**WHAT YOU WILL DO**
Omit all pictures. Quote only the lines from the one with "Holiday Home Isabella 维斯 外观 照片" through the end of the material below.

**THE DATA**
--------------------------------
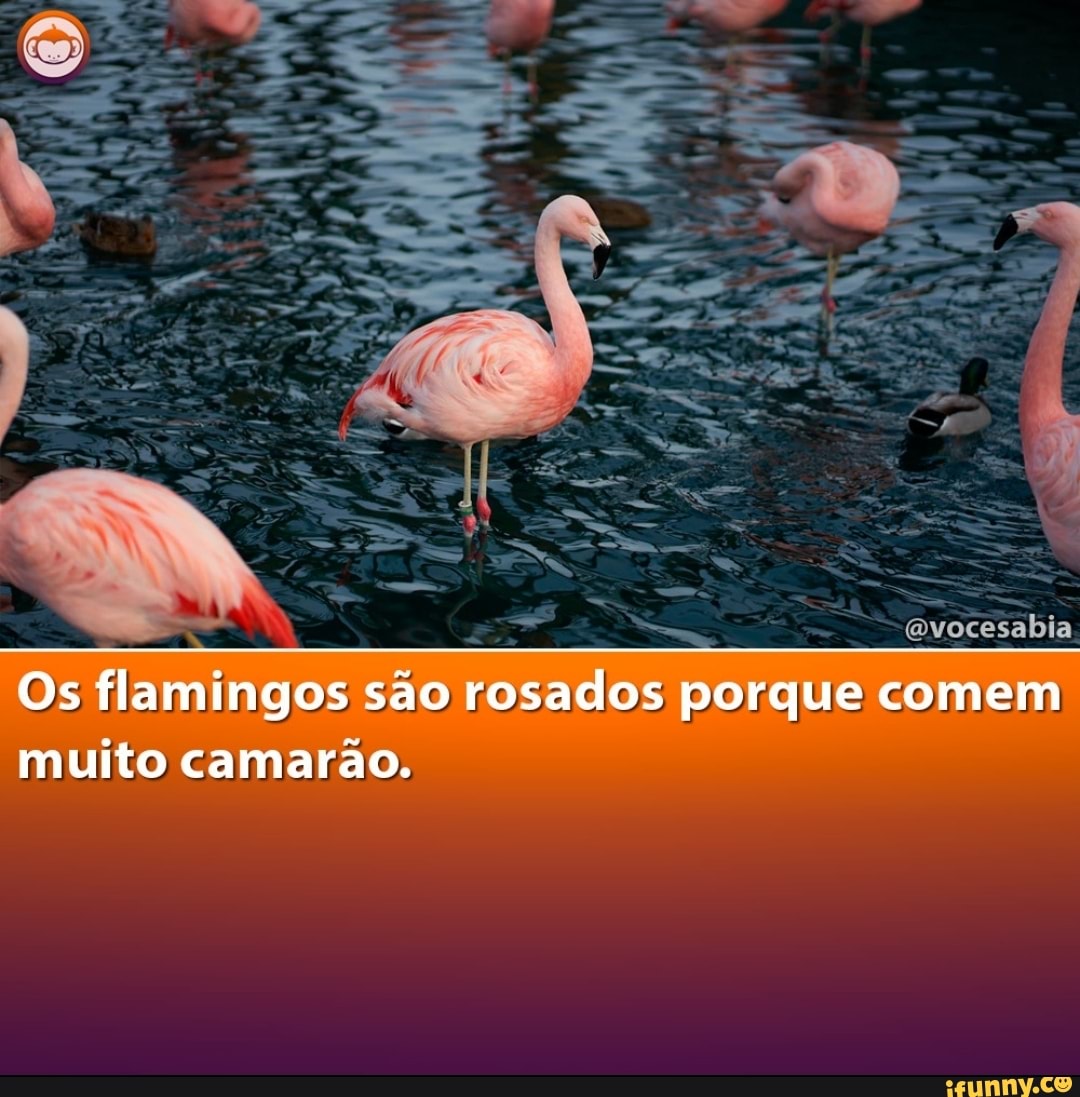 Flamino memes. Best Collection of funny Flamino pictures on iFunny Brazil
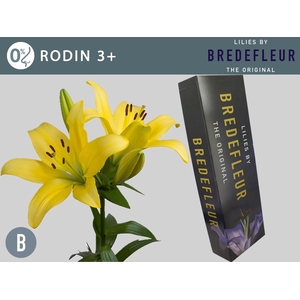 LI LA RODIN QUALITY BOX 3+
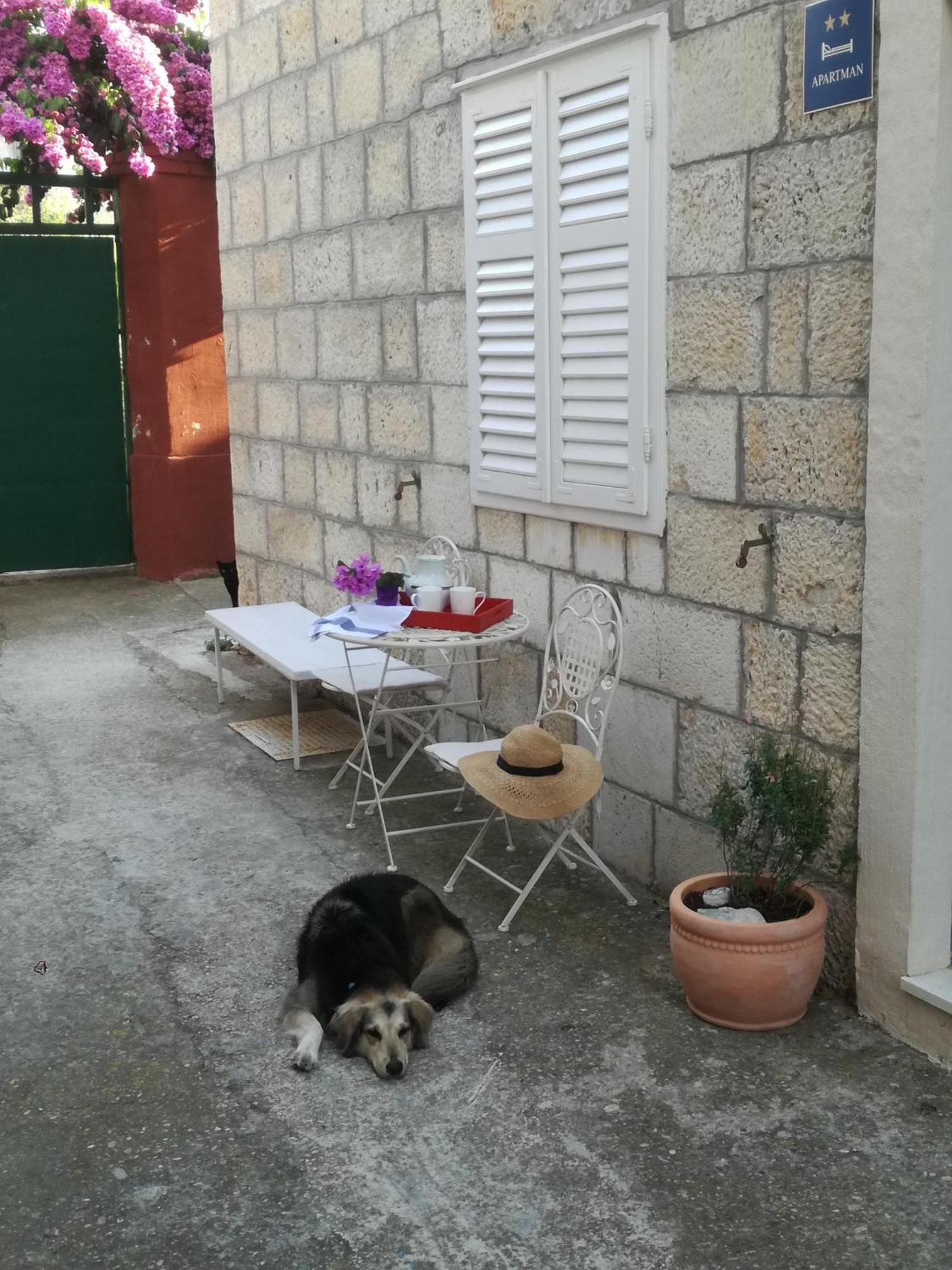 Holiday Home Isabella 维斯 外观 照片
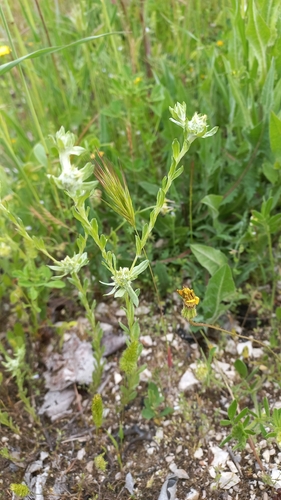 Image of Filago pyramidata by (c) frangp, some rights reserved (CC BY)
--------------------------------
**PROBLEM SOLUTION**
 Holiday Home Isabella 维斯 外观 照片
 Image of Filago pyramidata by (c) frangp, some rights reserved (CC BY)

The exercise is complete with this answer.